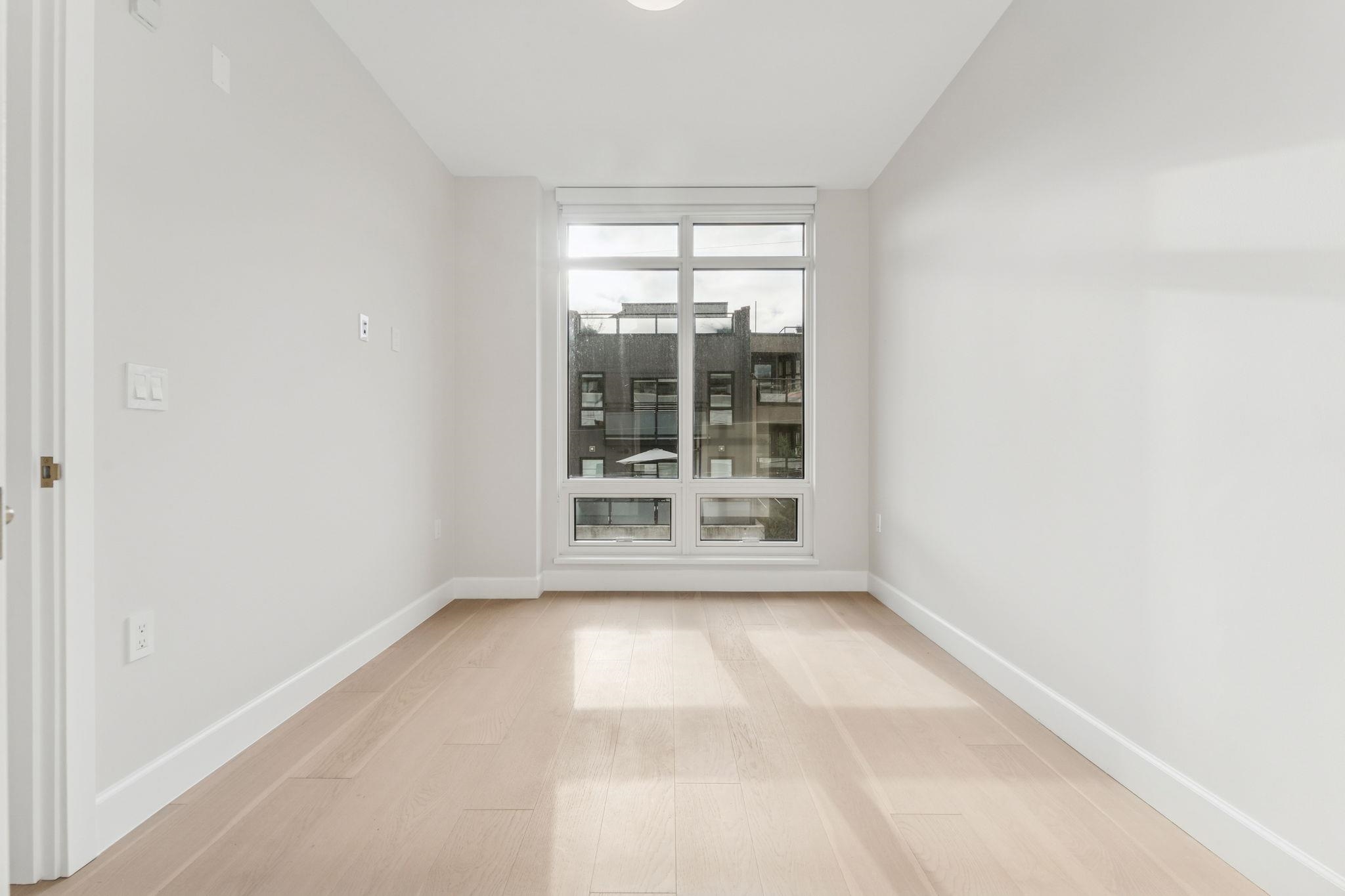 304 3668 W 10TH AVENUE Unit: 304
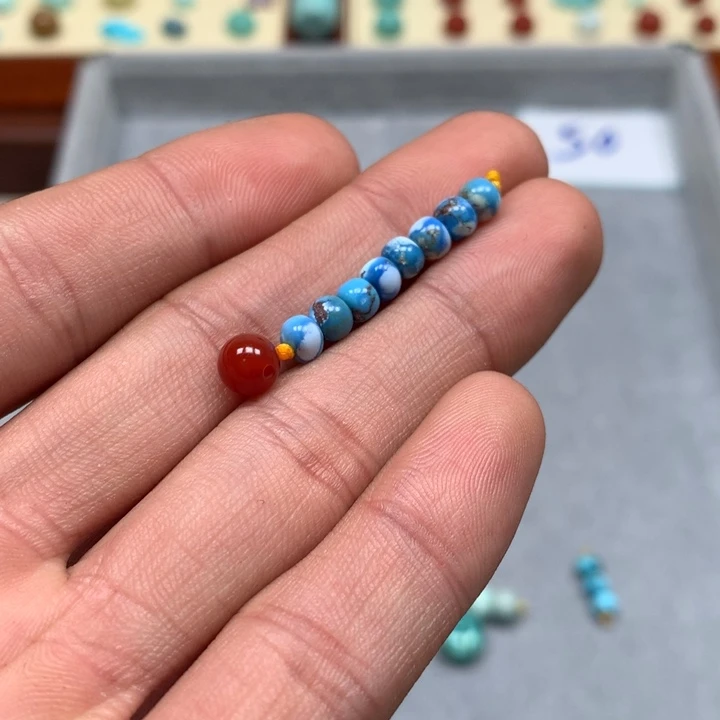 南红玛瑙配饰未镶嵌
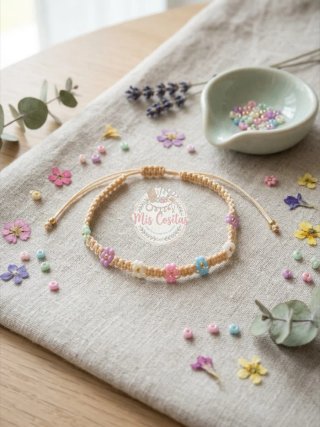 Pulsera de hilo con cuentas de flores
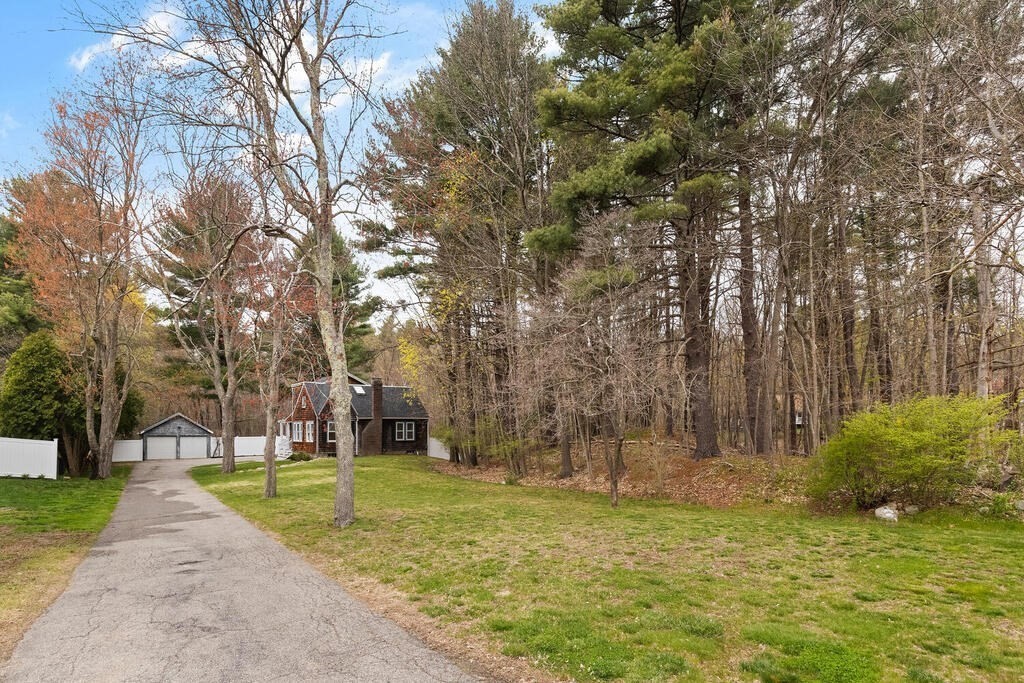 860 Main Street Lynnfield, MA 01940 - Photo 25 of 34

§

## WHAT TO DO
Give back the full listing verbatim, skipping each picture.

## RESPONSE BOX
 304 3668 W 10TH AVENUE Unit: 304
 南红玛瑙配饰未镶嵌
 Pulsera de hilo con cuentas de flores
 860 Main Street Lynnfield, MA 01940 - Photo 25 of 34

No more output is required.